■ Available data ■
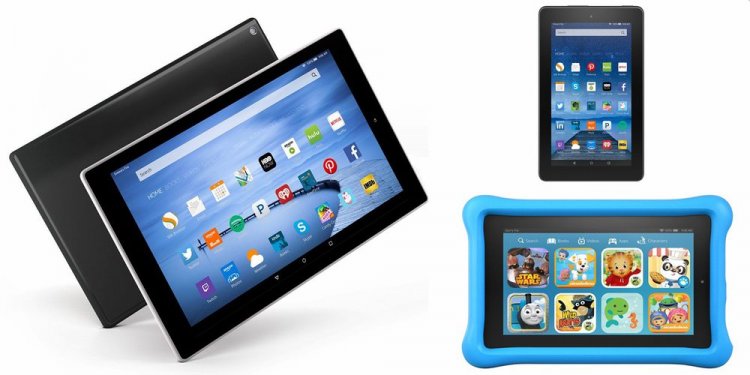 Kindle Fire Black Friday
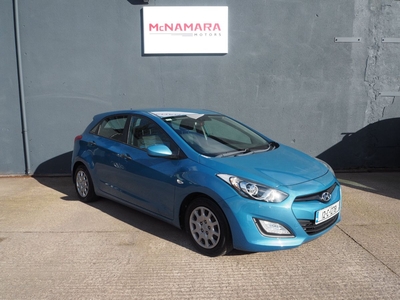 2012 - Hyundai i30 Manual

---

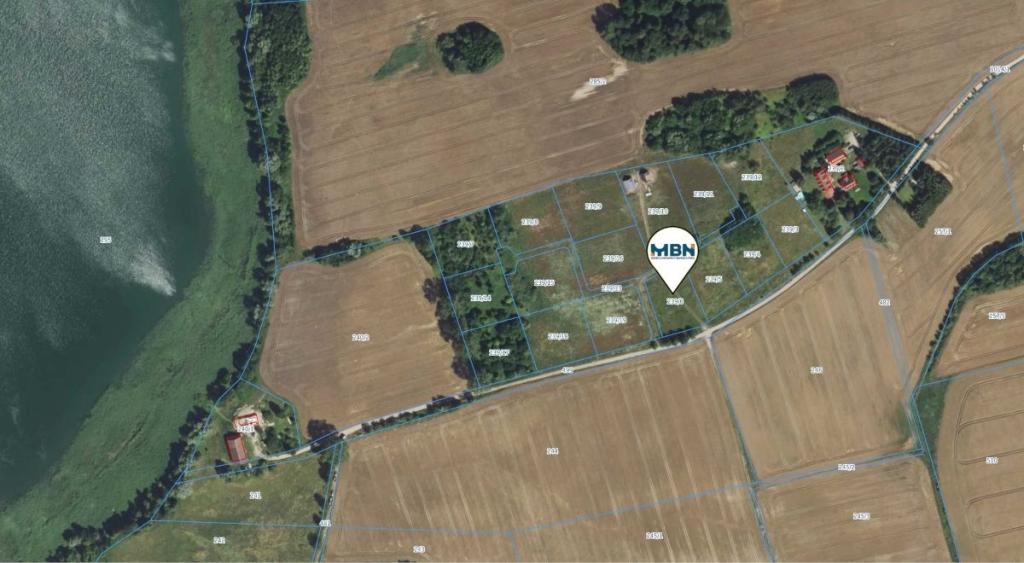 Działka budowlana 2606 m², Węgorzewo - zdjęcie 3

■ Task instructions ■
Reproduce exactly, with no pictures, the lines above from the one holding "Kindle Fire Black Friday" to the one holding "2012 - Hyundai i30 Manual", inclusive.

■ Reply to the exercise ■
 Kindle Fire Black Friday
 2012 - Hyundai i30 Manual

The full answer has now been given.